Quote Originally Posted by Husar View Post
What I don't quite get is why America only accepts dead people or comic characters as heroes.

IMO someone who does something heroic and lives on to do even more heroic things is a better hero than someone who dies in the process.
At the very least the former hero saved one more life by saving his own.

What would have happened had Snowden stayed in the US would probably have been a death sentence and he would've had to release all of his documents at once given that he probably couldn't have done it piecemeal out of a federal high security prison. Then the press would've condensed it all into two weeks of shallow reporting before Snowden would've been officially killed as an evil traitor who aided terrorists and the US public would've cared even less about all of it...

Where exactly do I overlook the advantage of that approach?

They are mainly victims of their own complacency.

That and comic book. The Hero always stands up to the bad guys and wins in the end!

Justice will prevail!

Of course none of them have any experience with the federal legal system. Justice doesn’t enter the equation.

Snowden is already tried and convicted by the press and the pundits. He would never receive a jury trial. And none of it would be in open court.

That they are naïve is an understatement.

Despite numerous experiences they continue to believe their government are “The Good Guys”.

Collectively, I have to say, my countrymen are simpletons.

As for justice;

No one who knew this was going on could go to court to stop it because it was secret and they had no standing.

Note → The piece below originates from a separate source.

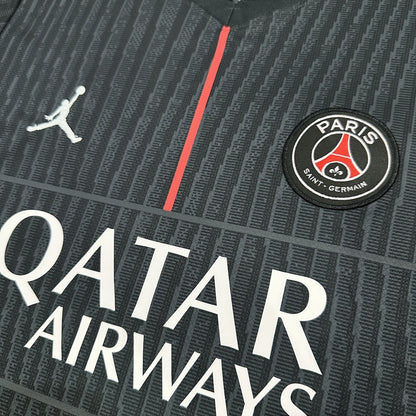 Jersey Paris Saint-Germain 2025-26 Cuarto Uniforme negro, foto 4 de 9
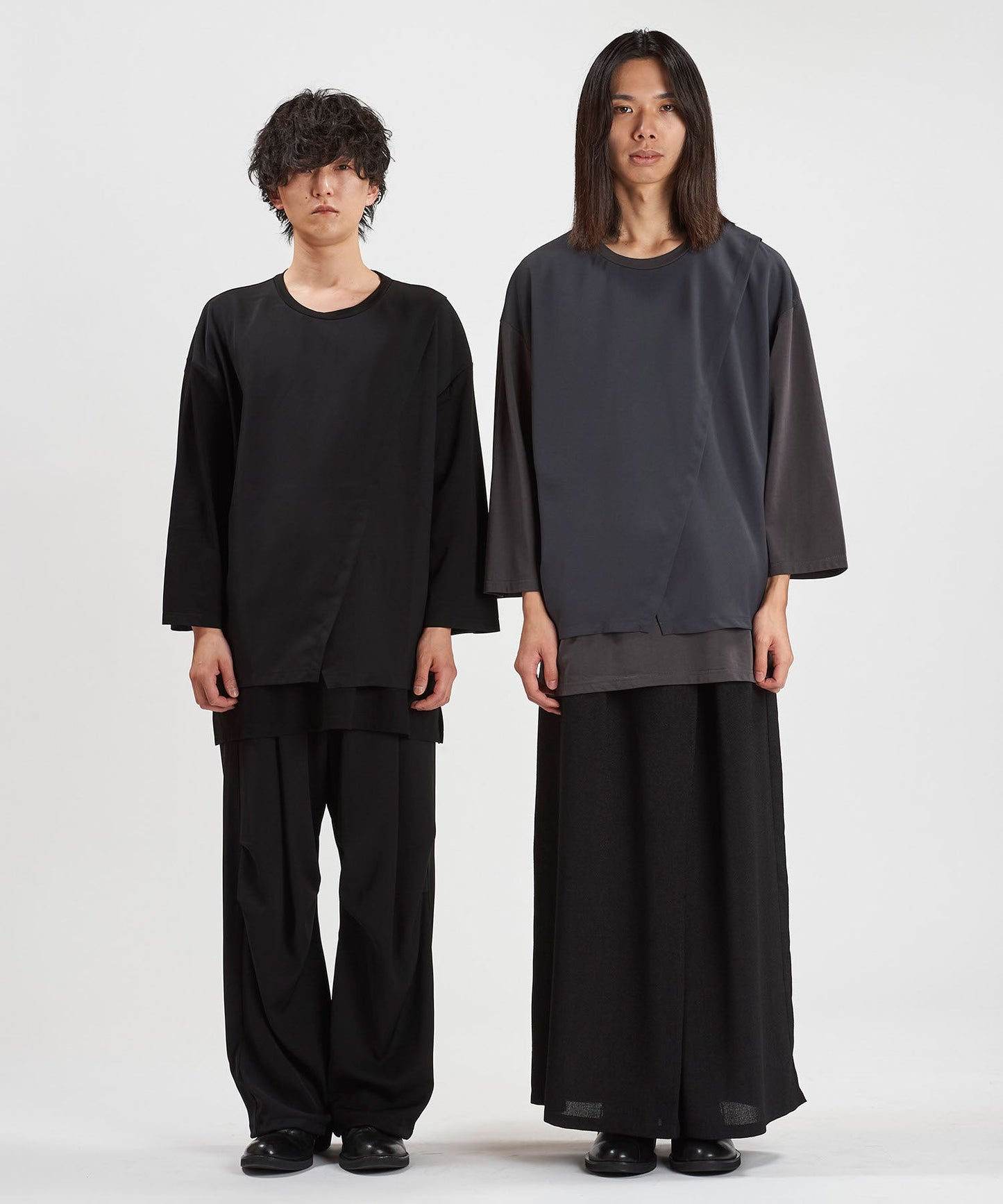 BLACK Model:H169cm / GRAY Model:H180cm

When Snowden gave them the proof so that they had standing what was the result?

Dismissal!

On December 28, 2013, Judge William Pauley granted a motion to dismissed the suit. The court acknowledge that the program "vacuums up information about virtually every telephone call to, from, or within the United States"
In an argument regarding the ACLU's claim that the NSA was exceeding the bounds of section 215 of the Patriot Act Judge Pauley wrote:
"The ACLU would never have learned about the section 215 order authorizing collection of telephone metadata related to its telephone numbers but for the unauthorized disclosures of Edward Snowden. Congress did not intend that targets of section 215 order would ever learn of them. And the statutory scheme also makes clear that congress intended to preclude suits by targets even if they discovered section 215 orders implicating them. It cannot possibly be that lawbreaking conduct by a government contractor that reveals state secrets—including the means and methods of intelligence gathering—could frustrate Congress's intent. To hold otherwise would spawn mischief: recipients of orders would be subject to 215's secrecy protocol confining challenges to the FISC while targets could sue in any federal district court. A target's awareness of section 215 does not alter the Congressional calculus. The ACLU's statutory claim must therefore be dismissed."

Old stuff: http://www.bloomberg.com/news/2013-0...the-free-.html

And what has changed?

Nothing! A few promises to reform and a little bit of show.

And I guess that makes it ok.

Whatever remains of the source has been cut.